I watch the sky pinking from our front veranda and, breathing easily now, again, I wonder with a deep curiosity about your strong voice to me on my mother’s phone yesterday. Your voice was louder than usual, and comforting. You remembered my few-and-far-between asthma attacks just as you remembered the drama of how we turned orange from too much carrot juice years ago. I couldn’t believe how strong your voice was; you sounded so normal and in control; your voice wasn’t whispery, you didn’t sound confused, you helped me.
I have now drawn the blinds on a pink sky gone dark and am into day two of no steroids for the asthma. Some friends/commenters have suggested that this asthma attack may well be due to emotional stuff and I am quite willing to accept that possibility. Perhaps the ongoing, relentless, anticipatory grief of losing my beautiful husband has gotten the better of my psyche. Perhaps seeing our son’s grief and bewilderment has turned everything I once saw as pink into a dull grey. I don’t know.
It is probably a terrible pressure on a single son to ask for the pink in the sky to come back, but I know, without any doubt, that he can do this. Ming.
My mother invited me for lunch today at her house because my first niece, her husband and ten-month-old baby would be there. Here is a photo of him with me; he is my first great-nephew.
Two days ago my second great-nephew was born to my second nephew and wife. He, the baby, joins his two-year-old sister (my first great-niece); and my first nephew’s partner is expecting their child soon!
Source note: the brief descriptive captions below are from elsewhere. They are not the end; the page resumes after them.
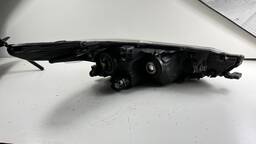 FAROL LADO ESQUERDO YARIS 2019 A 2024 COM DETALHE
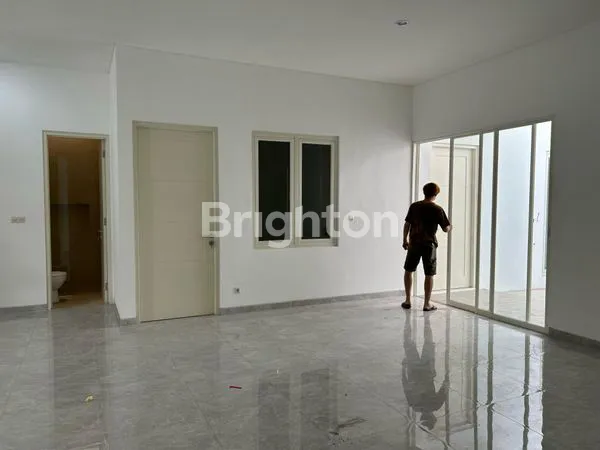 image HUNIAN MODERN 4KT, LT 180M² DI SETRO (3)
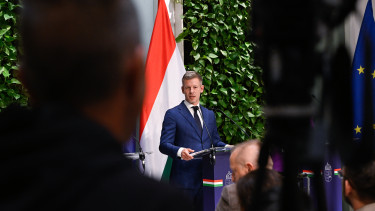 Hamarosan új bejelentést tesz Magyar Péter, azonnali vizsgálatok sorát rendelte el az új kormány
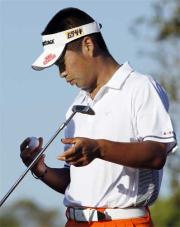 第3ラウンド、浮かない表情を見せる池田勇太(共同)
I’m sorry if this sounds complicated but my two brothers have five children each and, despite wanting to shout out the joy, I am very aware of their privacy. My oldest brother is now grandfather to three and my youngest brother is on the brink of being a grandfather for the first time.
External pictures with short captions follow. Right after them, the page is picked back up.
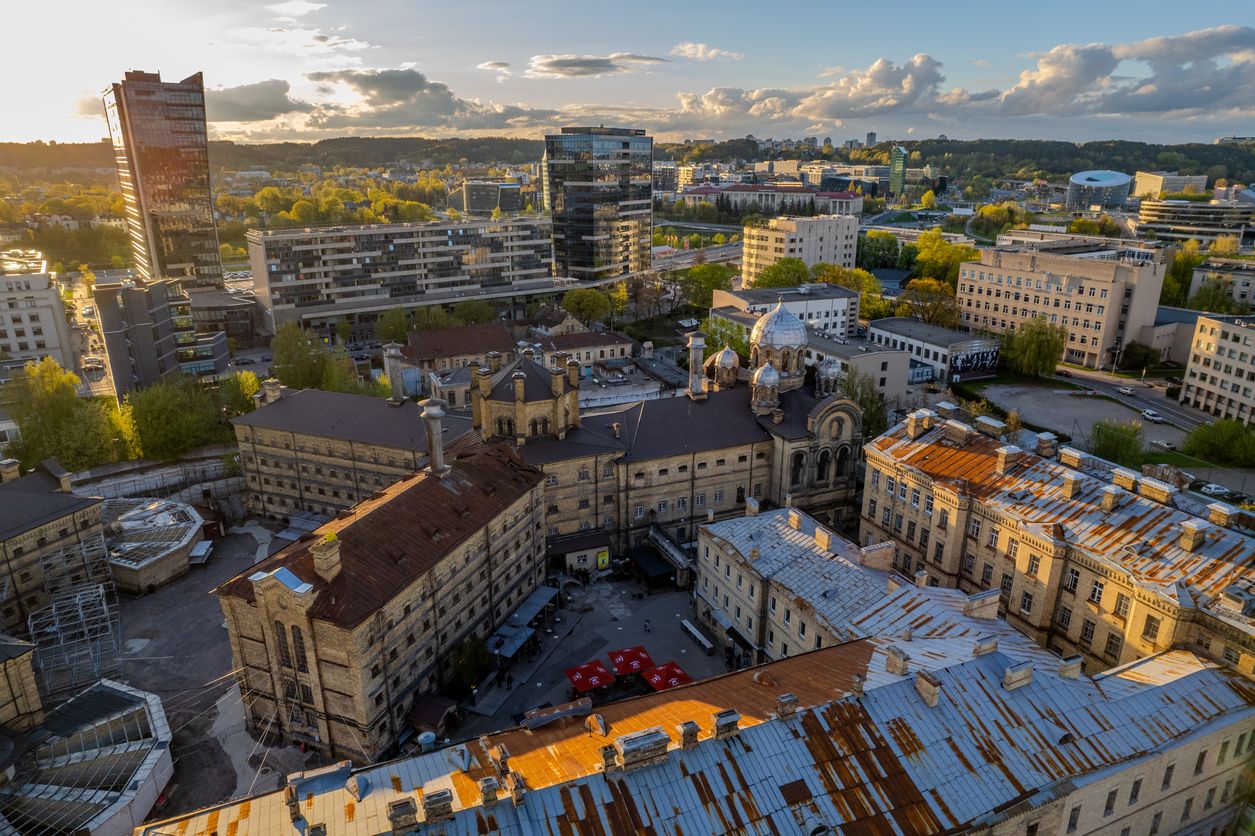 En el centro de la capital lituana, esta prisión aún sigue estremeciendo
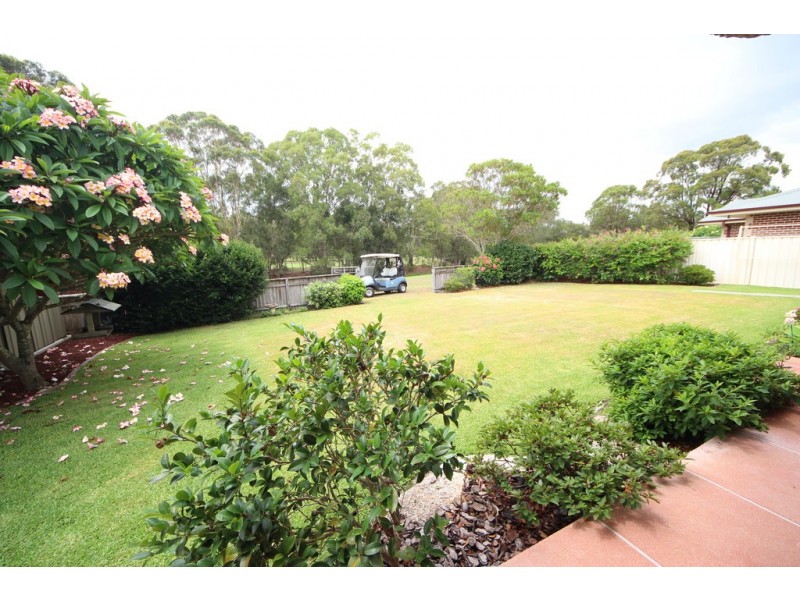 41 Athol Elliott Pl, South West Rocks NSW 2431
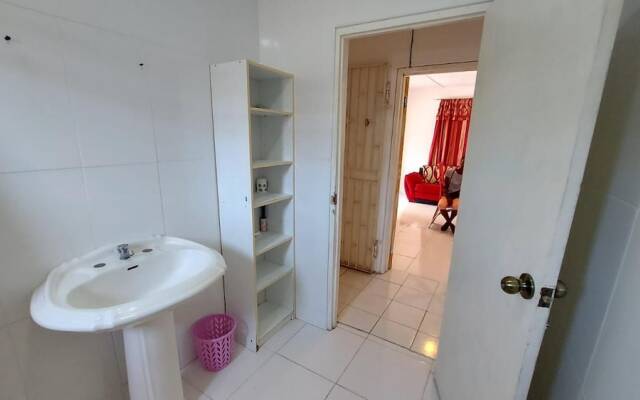 House - Sleeps 6 - Patio - Parking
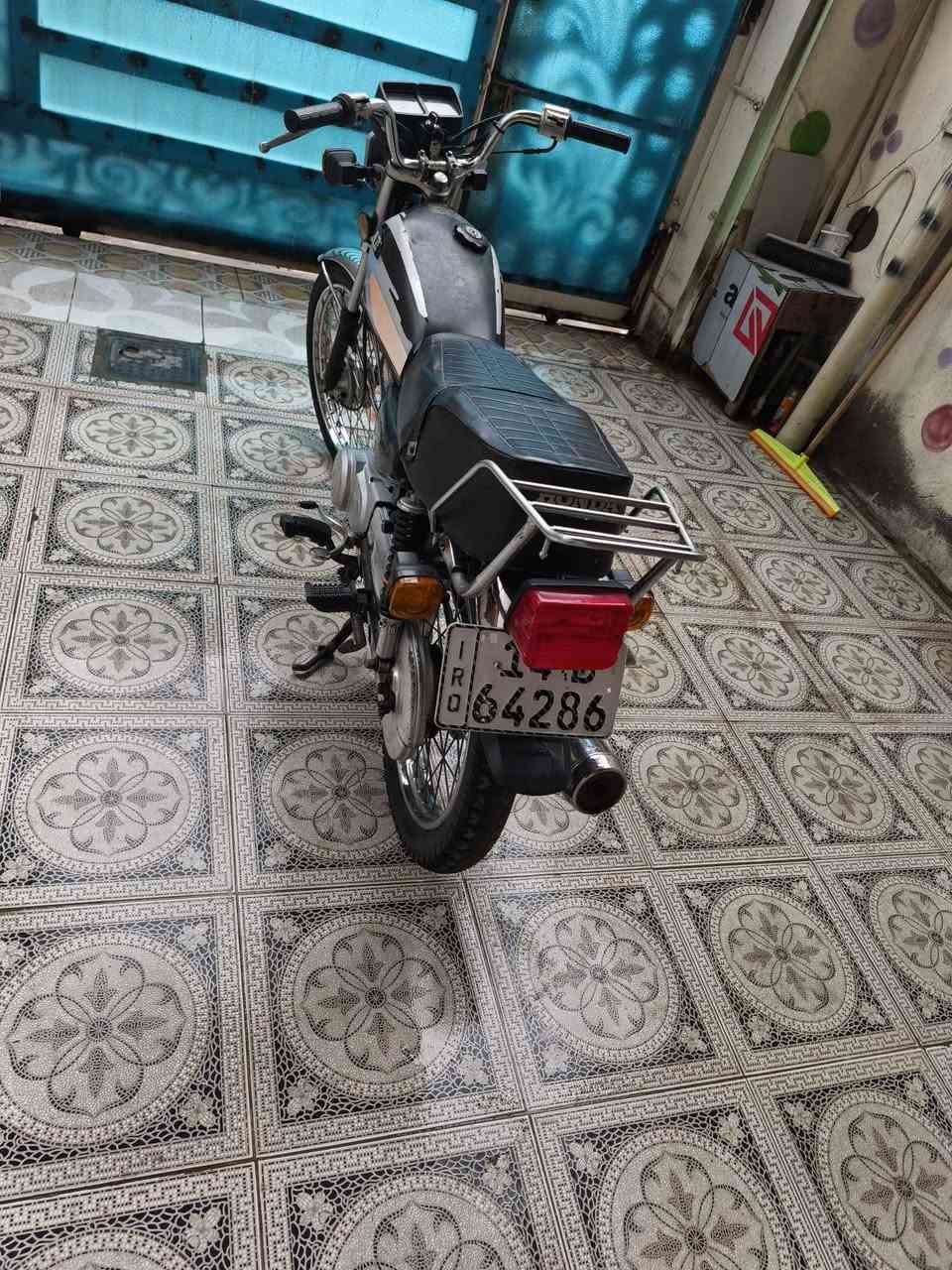 ا السلام عليكم للبيع دراجه نامه 2018 مكينه مفتوحه ، الدراجه ناعمة ترايك مئة كيلو رقم بسمي العنوان الهوير السعر 1500000 وبيها مجال كلش قليل  *********** Singapore
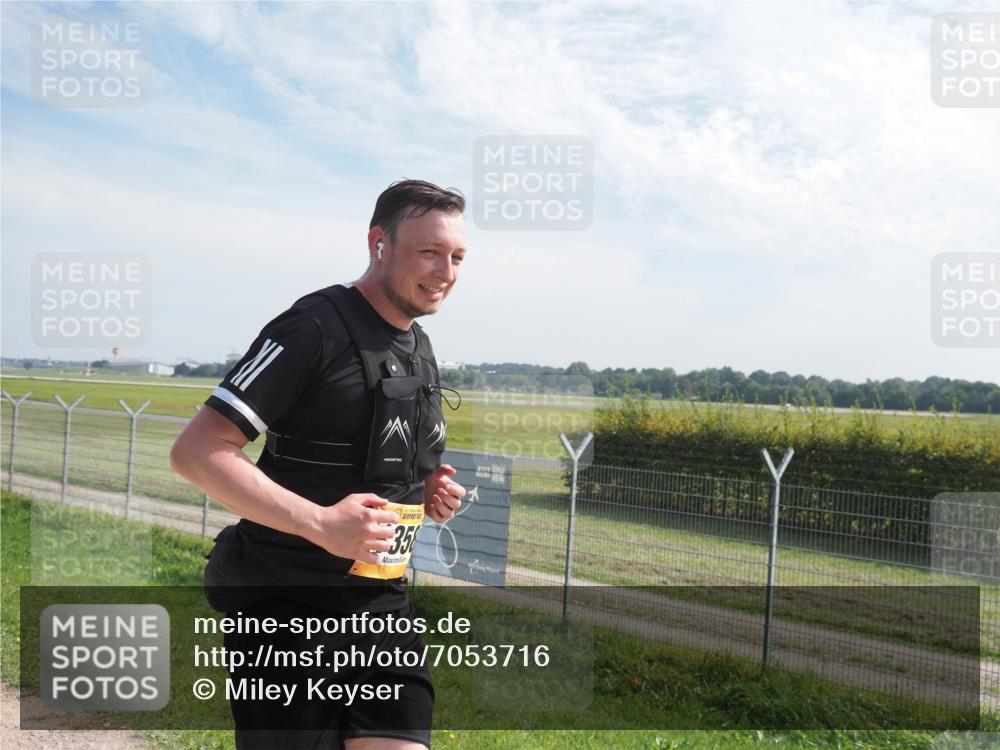 08.09.2024 - Airport Race Miley Keyser http://msf.ph/oto/7053716 08.09.2024 12:42:10 Laufen 35 meine-sportfotos.de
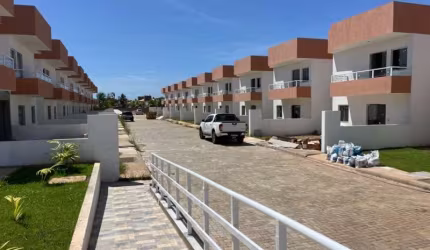 Casa em condomínio fechado com 4 quartos à venda em Foz do Joanes, Lauro de Freitas  por R$ 600.000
Anyway, today my lunch offering consisted a couple of Dvds that Ming had recently arranged to be converted from old videos. In one of them, there was Ming at the exact same age as the schnookums you see above, bearing a remarkable resemblance.
In Anthony’s family, there were many more siblings, hence many more nieces, nephews, great-nieces and great-nephews, and an assortment of cousins, second-cousins, third-cousins … so it is sometimes very difficult for me to remember who is whom. On the other hand, I keep in touch with at least one person in each of his sibling’s families, sharing a reciprocal fondness for those who either visit Ants and/or support me (and Ming of course).
And to the little prince born the other day … Welcome!